Adult social care in the UK has been falling short for more than 10 years.
The demand is high, with more people asking for support and fewer receiving it. Meanwhile, attracting and retaining employees in a struggling sector has become a significant challenge. Here Managing Director of Provide Digital Paul Twyman looks at how digital technology could make all the difference.
A study commissioned and published on 26th April 2023 by the Association of Directors for Adult Social Services (ADASS) highlighted the need for significant investment and a hefty dose of political will.
ADASS president Sarah McClinton said it came at a time when the adult care system was “close to breaking point,” with millions “in pain or distress”.
But solutions had been identified.
In fact, one recommendation proposed adult social care harness the power of digital technology to streamline operations and improve efficiency.
This shouldn’t be rocket science. After all, during the pandemic, many organisations accelerated their digital transformation to meet new challenges.
But although the NHS – naturally – was one of these, some service areas didn’t adapt quite as quickly as others.
What about social care?
The Government’s policy paper, Next Steps to Putting People at the Heart of Care admitted adult social care had not received the attention it deserved for decades.
In the report, Helen Whately MP promised the government was committed to improving the lives of more than 10 million people who work in, draw on and provide care and support, adding: “I want to support care workers to develop their skills and their careers, and to be recognised for those skills.”
She continued: “That’s why we are setting out our plan for the care workforce, including the care workforce pathway, a new Care Certificate qualification, funded training for care workers and registered managers, and funded continued professional development training, as well as a digital skills passport.”
So, what is a digital skills passport?
With more than £500 million of Government funding, the digital skills passport will allow social care staff to capture their learning and development with training falling into three key areas:
- Care Certificate, this is baseline training for the care workforce
- Accredited training and qualifications
- Non-accredited training, learning, and development
A digital skills passport should help to address issues of portability of staff training and development by providing a permanent and verifiable record of skills, behaviours, and achievements that would be accessible to employees and could be shared with new or potential employers.

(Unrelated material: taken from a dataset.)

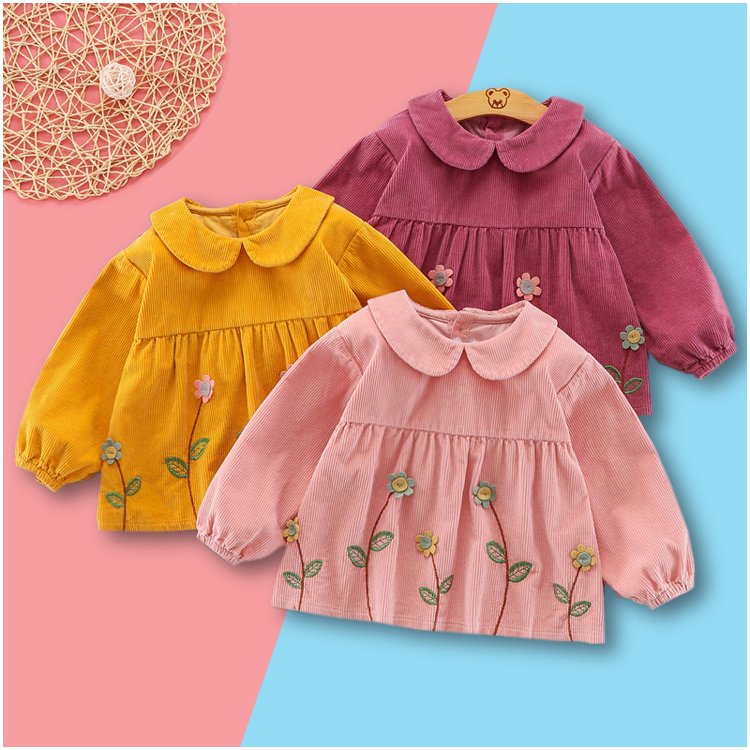 女宝宝秋冬款粗条绒反穿衣儿童长袖罩衣防水吃饭衣灯芯绒大码倒褂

At the moment, the Adult Social Care workforce need to either carry, scan or request copies of completed certificates when changing employers.
But at Provide Digital we are already one step ahead of you here.
Digital paper trail
When the pandemic hit, it highlighted the archaic nature of the paper trail in which the NHS was drowning, especially regarding staff competencies.
With no single centralised source of the truth, redeploying staff to other areas of a hospital for example, without being able to identify individuals’ skill sets was not just problematic, but potentially dangerous.
Provide Digital’s work began here.
After creating a series of apps and software for locating and deploying staff to critical wards it then started work on, eQuals, designed to transform how skills and competencies were managed.
In short, just like the proposed digital skills passport, this central system allows staff to identify and prove their relevant credentials.
But going one step further, it also allows staff to have skills and competencies witnessed and approved in real time.
eQuals in a nutshell
Our eQuals app has already been successfully rolled out across Derbyshire.
Before trialling eQuals, the Trust was spending a lot of time finding information about a team’s level of competency or competencies across a job role – time which could have been better placed on patient care.
They also wanted a system that allowed staff to update, renew or undertake skills and competencies that allowed their senior counterparts to approve these as and when they were completed – creating an evidence dossier to demonstrate best practice.
The benefits of using eQuals include:
- Real-time assessments and reporting of skills for staff
- Being easily able to identify competencies for roles and resolve any gaps/opportunities.
- Better planning – proactive retraining and reassessment notifications to support continued competency.
- More targeted learning and development from greater visibility of needs.
- Granular data to provide detailed reporting on workforce skills from organisation level down to the role/individual.
- A significant opportunity to skill mix – identifying workforce capability and capacity.
- Improved retention – supporting evidence-based talent identification and management.
- Greater levels of assurance on quality, compliance, and standardisation.
- A competent, confident workforce with greater productivity.
- A reduction to the admin burden – clinicians can focus on development as opposed to time spent on difficult or onerous documentation procedures.